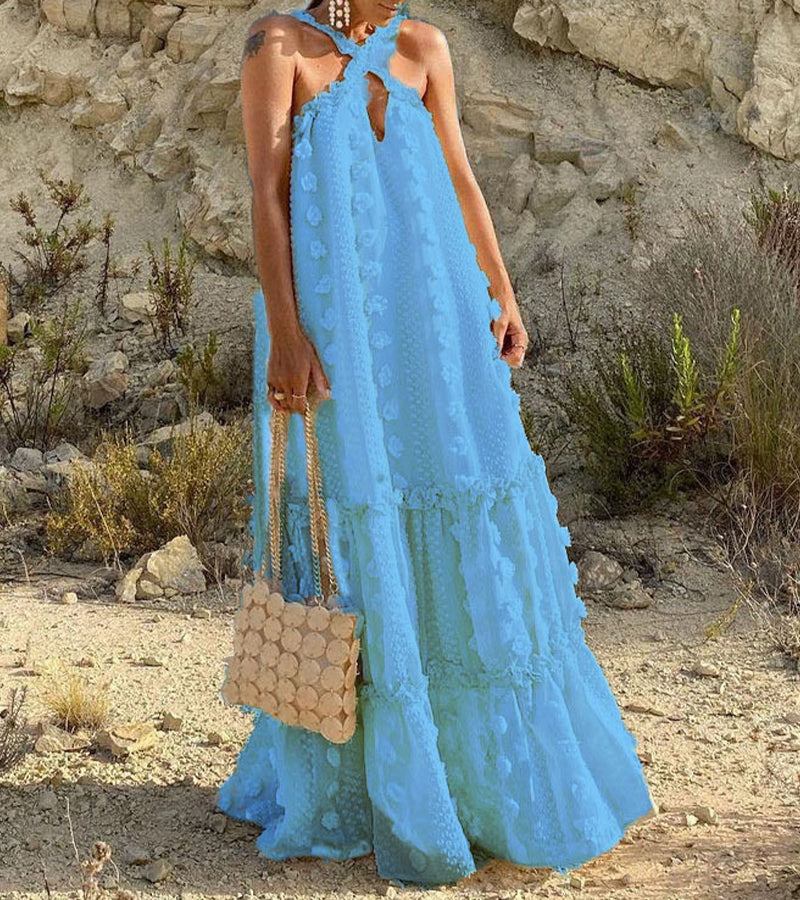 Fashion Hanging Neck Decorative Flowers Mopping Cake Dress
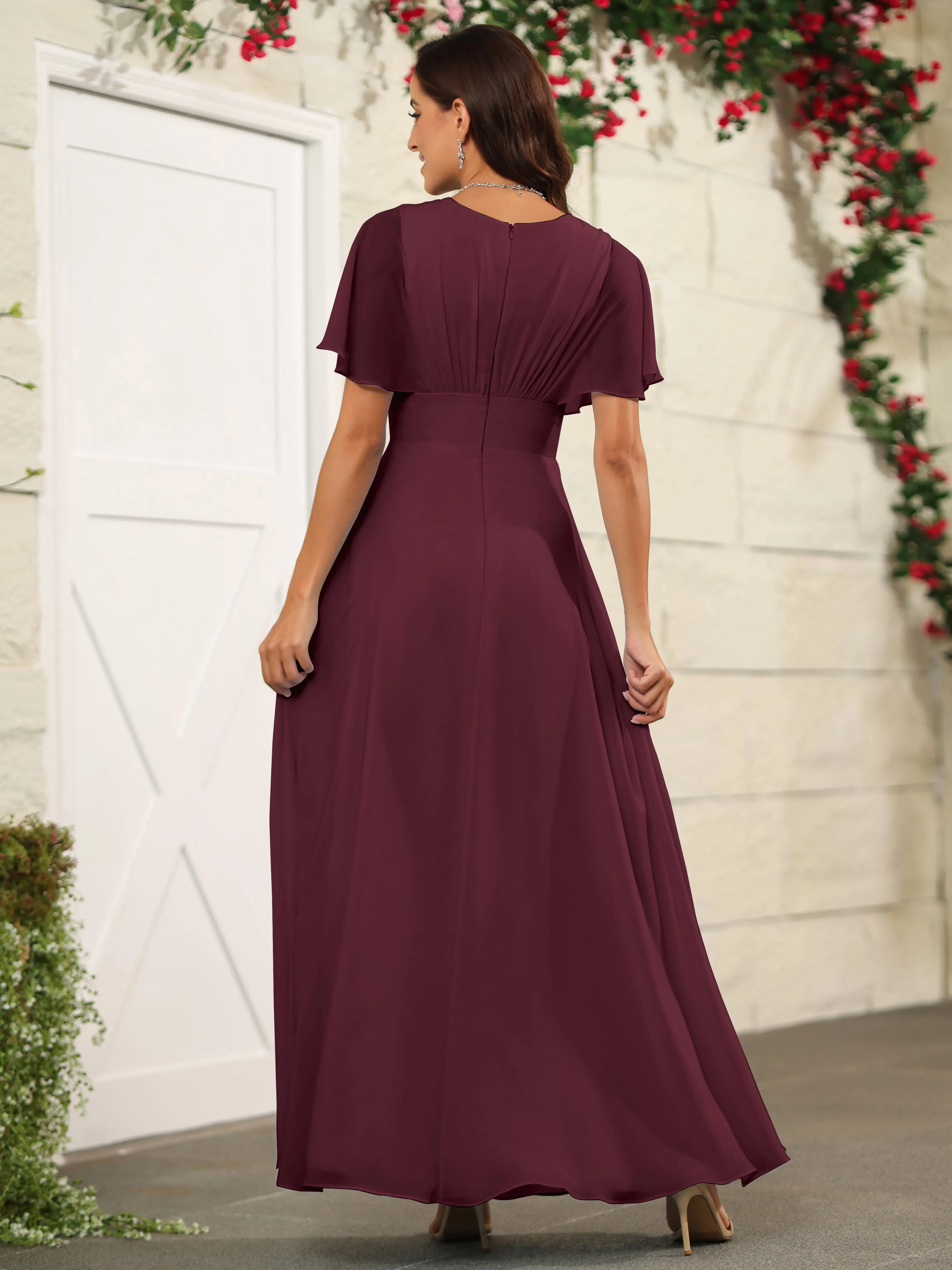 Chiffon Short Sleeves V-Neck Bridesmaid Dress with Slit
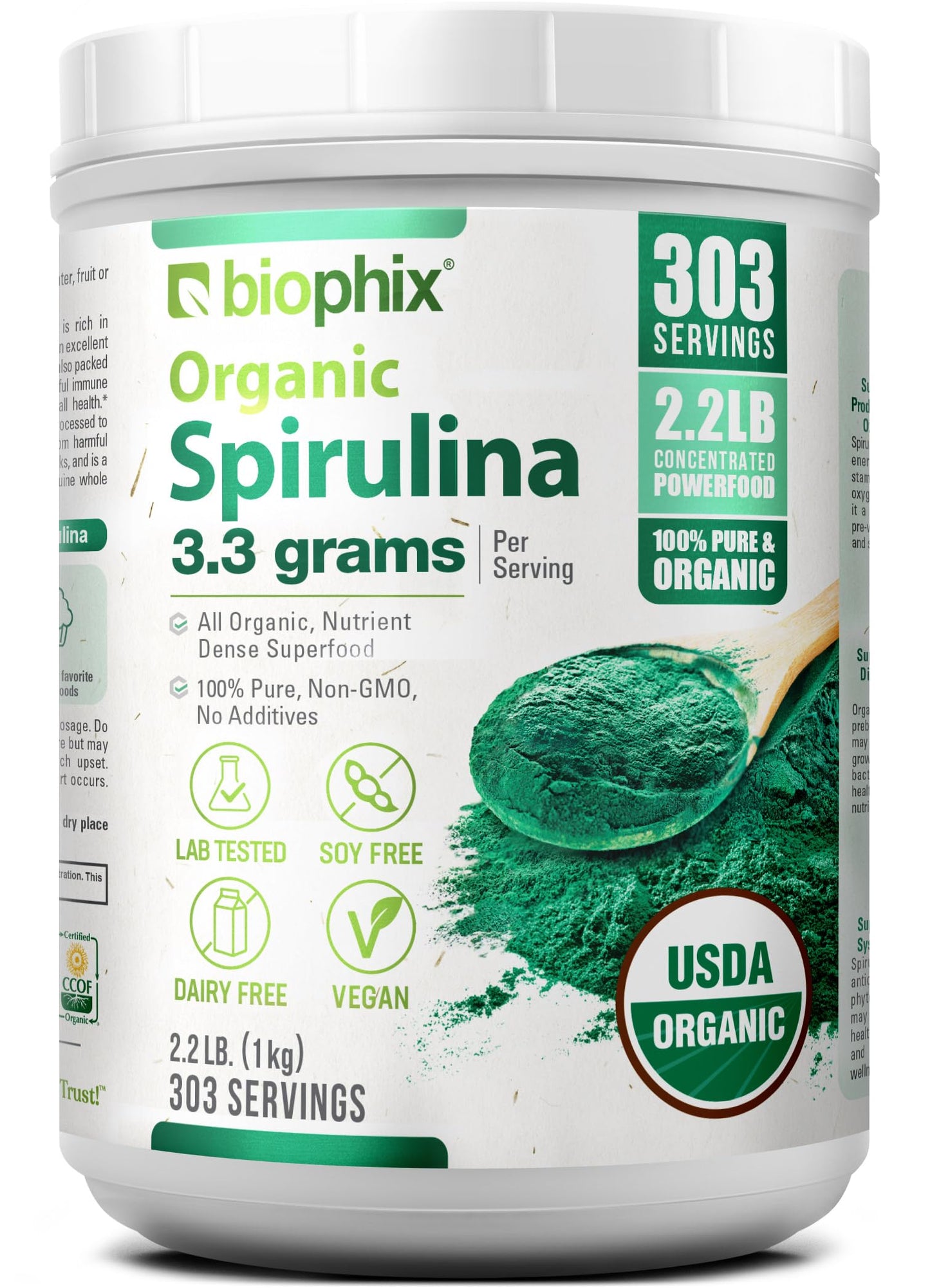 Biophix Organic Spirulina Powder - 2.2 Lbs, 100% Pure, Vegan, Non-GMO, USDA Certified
---
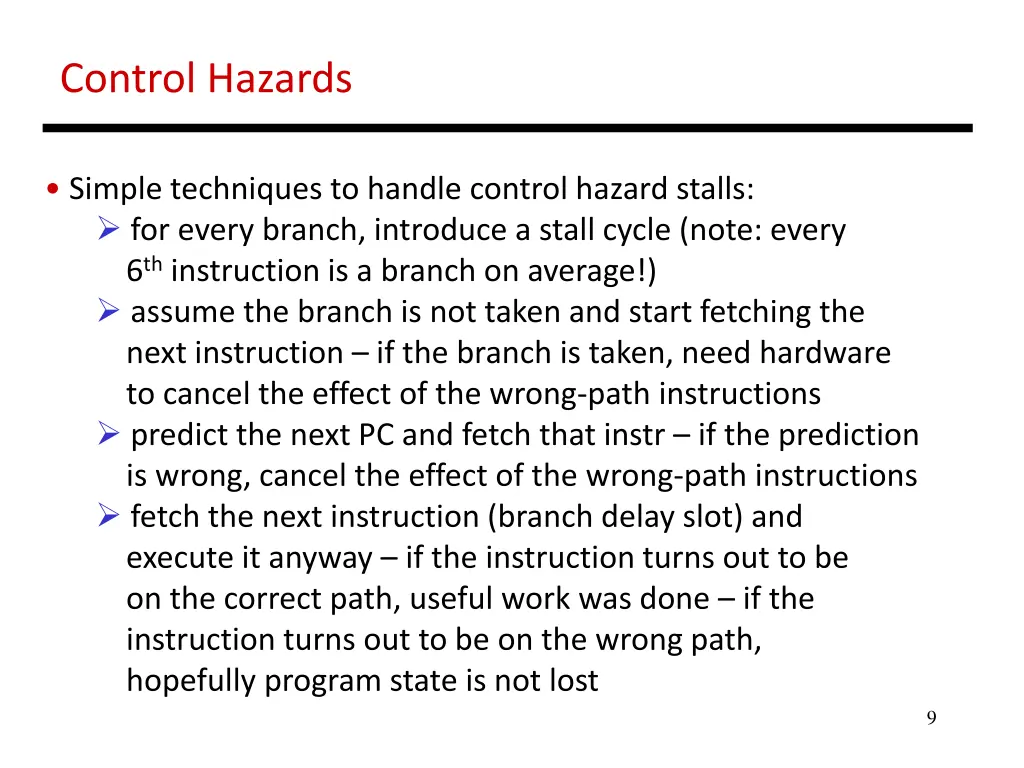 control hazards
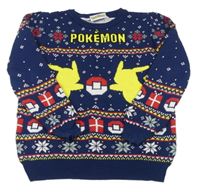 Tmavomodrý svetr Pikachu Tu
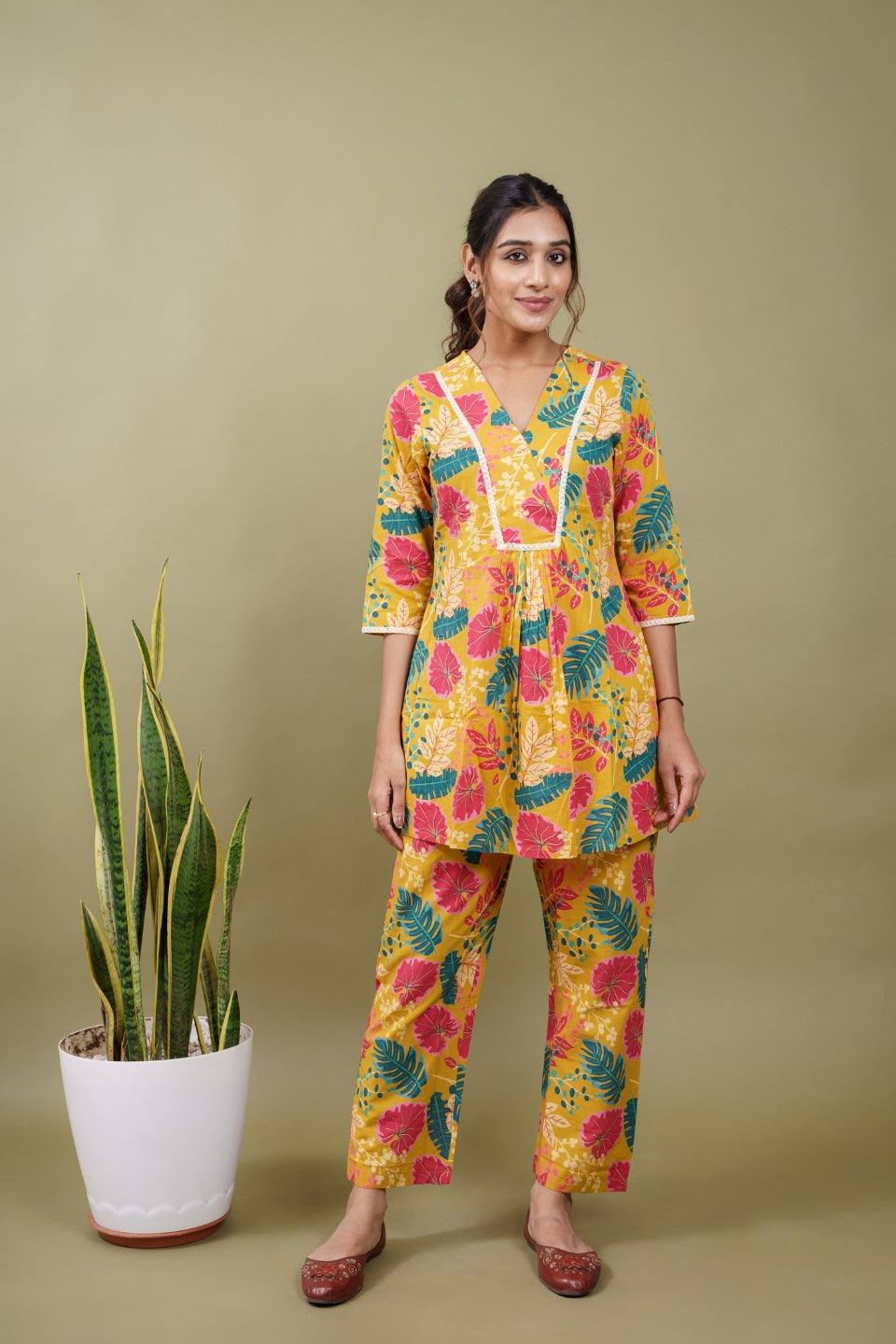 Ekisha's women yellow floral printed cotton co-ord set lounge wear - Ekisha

> **Work request**:
Pictures excluded, transcribe the listing above exactly from the line with "Tmavomodrý svetr Pikachu Tu" through the line with "Ekisha's women yellow", and no further.

> **Exercise output**:
 Tmavomodrý svetr Pikachu Tu
 Ekisha's women yellow floral printed cotton co-ord set lounge wear - Ekisha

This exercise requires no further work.